▸ Work required: Write out the whole listing again, exactly as given.

▸ Extracted records:
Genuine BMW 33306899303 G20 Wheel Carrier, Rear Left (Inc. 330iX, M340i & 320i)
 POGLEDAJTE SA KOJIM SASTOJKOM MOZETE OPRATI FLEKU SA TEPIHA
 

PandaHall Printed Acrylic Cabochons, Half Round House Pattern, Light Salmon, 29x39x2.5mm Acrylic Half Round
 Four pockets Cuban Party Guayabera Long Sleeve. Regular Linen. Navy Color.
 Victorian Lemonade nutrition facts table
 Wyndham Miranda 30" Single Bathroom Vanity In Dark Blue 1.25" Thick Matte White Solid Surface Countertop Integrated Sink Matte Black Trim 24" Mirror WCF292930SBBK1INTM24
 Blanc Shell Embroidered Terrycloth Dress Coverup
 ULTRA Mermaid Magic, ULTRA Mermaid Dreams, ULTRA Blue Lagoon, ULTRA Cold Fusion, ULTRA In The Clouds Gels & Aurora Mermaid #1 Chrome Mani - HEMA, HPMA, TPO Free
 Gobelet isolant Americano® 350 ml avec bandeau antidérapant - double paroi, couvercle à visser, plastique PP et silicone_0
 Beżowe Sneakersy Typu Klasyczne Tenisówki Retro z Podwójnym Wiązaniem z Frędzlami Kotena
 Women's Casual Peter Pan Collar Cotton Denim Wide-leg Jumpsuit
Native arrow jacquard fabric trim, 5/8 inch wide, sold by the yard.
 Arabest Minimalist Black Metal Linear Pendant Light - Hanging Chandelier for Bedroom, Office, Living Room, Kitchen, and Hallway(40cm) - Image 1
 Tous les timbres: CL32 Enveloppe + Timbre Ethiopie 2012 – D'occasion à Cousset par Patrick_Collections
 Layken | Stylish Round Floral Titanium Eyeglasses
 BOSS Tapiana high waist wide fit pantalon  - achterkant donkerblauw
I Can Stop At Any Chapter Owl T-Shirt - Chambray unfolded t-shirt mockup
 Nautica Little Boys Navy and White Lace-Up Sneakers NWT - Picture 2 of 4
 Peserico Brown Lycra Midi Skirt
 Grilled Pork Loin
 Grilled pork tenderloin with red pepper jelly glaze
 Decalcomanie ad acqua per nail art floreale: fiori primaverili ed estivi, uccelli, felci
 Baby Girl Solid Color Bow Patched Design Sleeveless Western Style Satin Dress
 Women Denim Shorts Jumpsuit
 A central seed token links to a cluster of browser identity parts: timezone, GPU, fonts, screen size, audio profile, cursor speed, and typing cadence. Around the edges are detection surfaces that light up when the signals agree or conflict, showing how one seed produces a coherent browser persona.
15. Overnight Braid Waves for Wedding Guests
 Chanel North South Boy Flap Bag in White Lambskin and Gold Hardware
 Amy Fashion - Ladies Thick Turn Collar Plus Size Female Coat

▸ Response area:
Genuine BMW 33306899303 G20 Wheel Carrier, Rear Left (Inc. 330iX, M340i & 320i)
 POGLEDAJTE SA KOJIM SASTOJKOM MOZETE OPRATI FLEKU SA TEPIHA
 

PandaHall Printed Acrylic Cabochons, Half Round House Pattern, Light Salmon, 29x39x2.5mm Acrylic Half Round
 Four pockets Cuban Party Guayabera Long Sleeve. Regular Linen. Navy Color.
 Victorian Lemonade nutrition facts table
 Wyndham Miranda 30" Single Bathroom Vanity In Dark Blue 1.25" Thick Matte White Solid Surface Countertop Integrated Sink Matte Black Trim 24" Mirror WCF292930SBBK1INTM24
 Blanc Shell Embroidered Terrycloth Dress Coverup
 ULTRA Mermaid Magic, ULTRA Mermaid Dreams, ULTRA Blue Lagoon, ULTRA Cold Fusion, ULTRA In The Clouds Gels & Aurora Mermaid #1 Chrome Mani - HEMA, HPMA, TPO Free
 Gobelet isolant Americano® 350 ml avec bandeau antidérapant - double paroi, couvercle à visser, plastique PP et silicone_0
 Beżowe Sneakersy Typu Klasyczne Tenisówki Retro z Podwójnym Wiązaniem z Frędzlami Kotena
 Women's Casual Peter Pan Collar Cotton Denim Wide-leg Jumpsuit
Native arrow jacquard fabric trim, 5/8 inch wide, sold by the yard.
 Arabest Minimalist Black Metal Linear Pendant Light - Hanging Chandelier for Bedroom, Office, Living Room, Kitchen, and Hallway(40cm) - Image 1
 Tous les timbres: CL32 Enveloppe + Timbre Ethiopie 2012 – D'occasion à Cousset par Patrick_Collections
 Layken | Stylish Round Floral Titanium Eyeglasses
 BOSS Tapiana high waist wide fit pantalon  - achterkant donkerblauw
I Can Stop At Any Chapter Owl T-Shirt - Chambray unfolded t-shirt mockup
 Nautica Little Boys Navy and White Lace-Up Sneakers NWT - Picture 2 of 4
 Peserico Brown Lycra Midi Skirt
 Grilled Pork Loin
 Grilled pork tenderloin with red pepper jelly glaze
 Decalcomanie ad acqua per nail art floreale: fiori primaverili ed estivi, uccelli, felci
 Baby Girl Solid Color Bow Patched Design Sleeveless Western Style Satin Dress
 Women Denim Shorts Jumpsuit
 A central seed token links to a cluster of browser identity parts: timezone, GPU, fonts, screen size, audio profile, cursor speed, and typing cadence. Around the edges are detection surfaces that light up when the signals agree or conflict, showing how one seed produces a coherent browser persona.
15. Overnight Braid Waves for Wedding Guests
 Chanel North South Boy Flap Bag in White Lambskin and Gold Hardware
 Amy Fashion - Ladies Thick Turn Collar Plus Size Female Coat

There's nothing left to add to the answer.